Testing awk
I’ve been testing wak
against the other awk implementations I’ve been able to obtain. I have recent versions of nnawk
(Kernighan’s One True Awk, the original Unix awk updated), gawk
, mawk
, goawk
, and bbawk
(busybox awk).
As of this writing, the versions are:
nnawk: awk version 20231228 (compiled 2024-01-23)
gawk: GNU Awk 5.3.0, API 4.0, PMA Avon 8-g1 (source 2023-11-02; compiled 2023-11-19)
mawk: mawk 1.3.4 20231102 (compiled 2023-11-16)
goawk: V1.25.0 (compiled 2024-01-23)
bbawk: 2023-12-31 (compiled 2024-01-23)
I’m sure there are plenty of bugs.

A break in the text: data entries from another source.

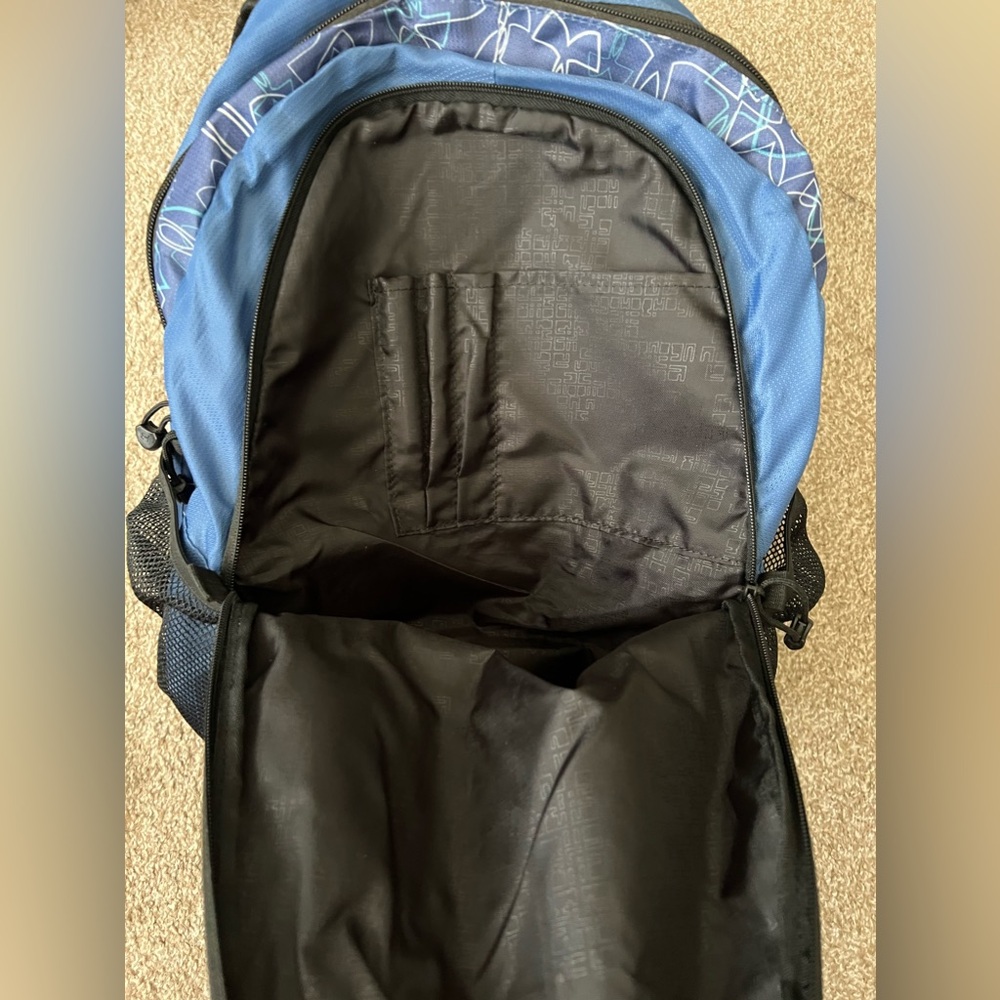 Under Armor Blue Backpack - Picture 4 of 7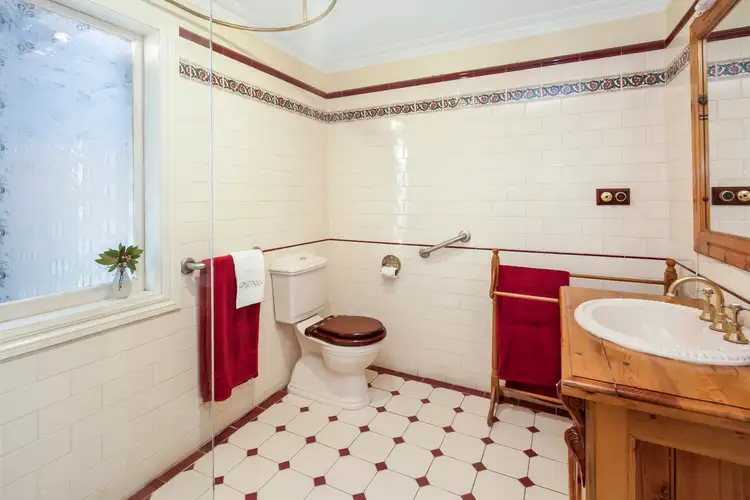 Fifth view of Homely house listing, 522 Lydiard Street North, Soldiers Hill VIC 3350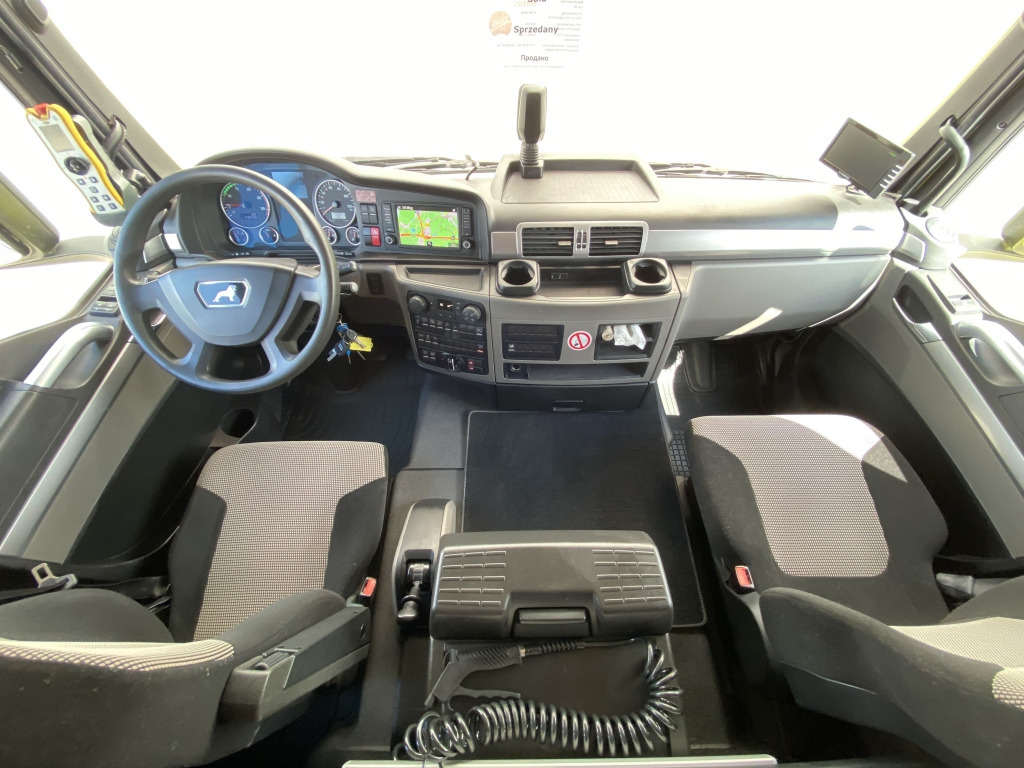 Camión multibasculante MAN TGS 26.460 6x2-4 BL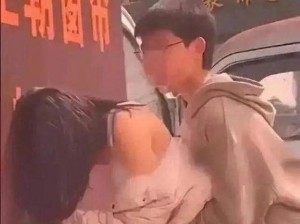 男女一起差差差差差,男女一起做某种行为时，为何会有声音发出？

Brian Kernighan has until recently been maintaining the original Unix awk from the start almost 40 years ago and has a “FIXES” file with over 200 entries from 1987 to 2023, and continuing to the present in a separate file for the “second edition” of One True Awk. If Kernighan has been fixing bugs for 35+ years, I doubt I can make a bug-free awk.
Some “bugs” are incompatible interpretations of awk compared with what other implementations do with certain features. No two versions of awk (original awk, gawk, mawk, goawk, Busybox awk, etc.) agree completely.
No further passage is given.